同製品に採用されているSoCは、台湾MediaTekのMTK8317Tで、ARM Cortex-A9をデュアルコア構成で搭載し、1.2GHzで動作するほか、グラフィックス機能にはPowerVR SGX531を統合している。その本体サイズは、197.4(高さ)×128.5(幅)×11.3(厚さ)mm/320gで、1,024×600ピクセル表示の5点マルチタッチ対応の7インチ液晶を搭載。OSにはAndroid 4.1.2 "Jelly Bean"を採用している。

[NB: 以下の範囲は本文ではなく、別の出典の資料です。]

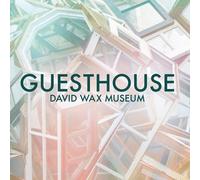 David Wax Museum GUESTHOUSE (Vinyl LP)
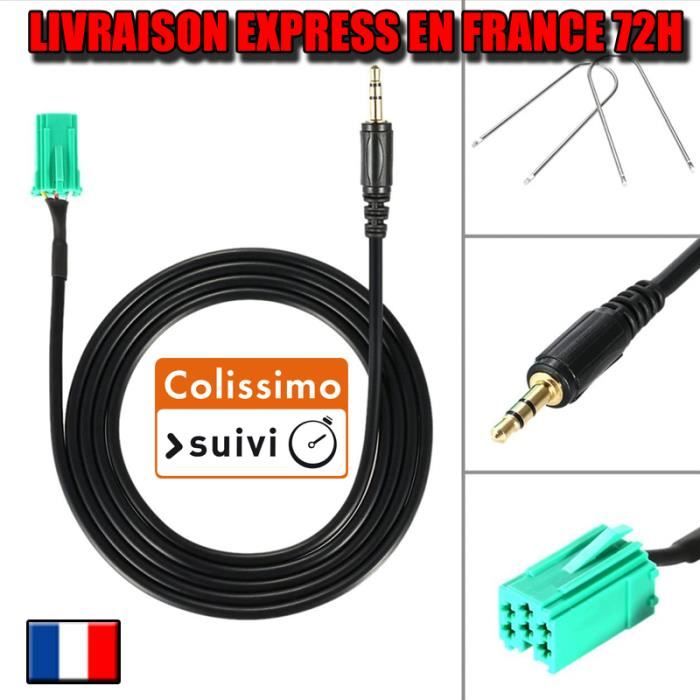Terminaux, câblage CABLE MP3 AUXILIAIRE RENAULT AUTORADIO UPDATE LIST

同社は、メモリの種類はスピードは明らかにしていないが、本体には512MBのDDR3メモリが搭載されるほか、8GBまたは16GBのeMMCフラッシュメモリをストレージとして備え、本体下部のmicroSDスロットを利用して、最大で32GBのストレージ容量を増やすこともできる。低価格モデルということもあってか、インターフェースは実にシンプルで、前述のmicroSDカードスロットのほかには、本体充電用兼パソコンとの接続用に、底面にmicroUSB端子を備えるのみ。無線機能としてはIEEE 802.11 b/g/nの無線LAN機能とBluetooth 4.0に対応する。
本体に搭載されるバッテリはリチウムイオンタイプで、その容量は2,210mAhとされ、一般的な利用で最大6時間、720pのビデオ再生ならば最大3.5時間の連続稼働が可能だと言う。このほか、液晶上部には、ビデオ通話などの用途に30万画素のWebカメラを備えるほか、GPS機能もサポート。現時点ではWi-Fiモデルのみの展開だが、設計そのものは3Gにも対応できるように作られているようだ。なお、本製品のヨーロッパにおける市場価格は、8GBモデルが119ユーロ前後、16GBモデルが139ユーロ前後だ。
同社はさらに、1,920×1,200ピクセル表示の21.5型の液晶ディスプレイにAndroid 4.0 "Ice Cream Sandwich"を搭載したスマートディスプレイ「Android Display D220HQL」も公開した。同製品は、2点タッチ対応の液晶を採用し、SoCにはTexas InstrumentのOMAP 4428を採用。ARM Cortex-A9をデュアルコア構成で搭載する同SoCを1GHzで駆動し、内蔵のeMMCフラッシュのうち、8GBをAndroid 4.0やバンドルAppsを収める読み取り専用領域とし、1GBのユーザー領域に割り当てていると、同社関係者は説明する。むろん、ストレージ容量を拡大した場合は、本体背面のmicroSDカードスロットを利用して、最大32GBのストレージ容量を拡張することができる。
ディスプレイとしての仕様は、応答速度12ms、輝度250カンデラ/m2、コントラスト比1000:1、視野角は178度で、ディスプレイ入力用にマイクロHDMIポートを背面に備える。このほか、液晶の両サイドには合計3ポートのUSB 2.0端子とオーディオ端子を搭載。ネットワーク機能については、同社関係者は、イーサネットやWiFi、Bluetoothなど、組み合わせの異なるモデルをラインナップする計画があると説明していた。なお、同製品は3月中旬以降に、ドイツ、フランス、イギリスなどで販売を開始し、標準構成モデルの市場想定価格は399ユーロとなる見通しだ。
いずれの製品も、日本市場での展開は未定だが、「Acer Iconia B1」は欧米市場でGoogleのNexus 7よりも安価なタブレットとして好調な滑り出しをしており、Acerには、これらの製品群の早期日本投入を望みたいところだ。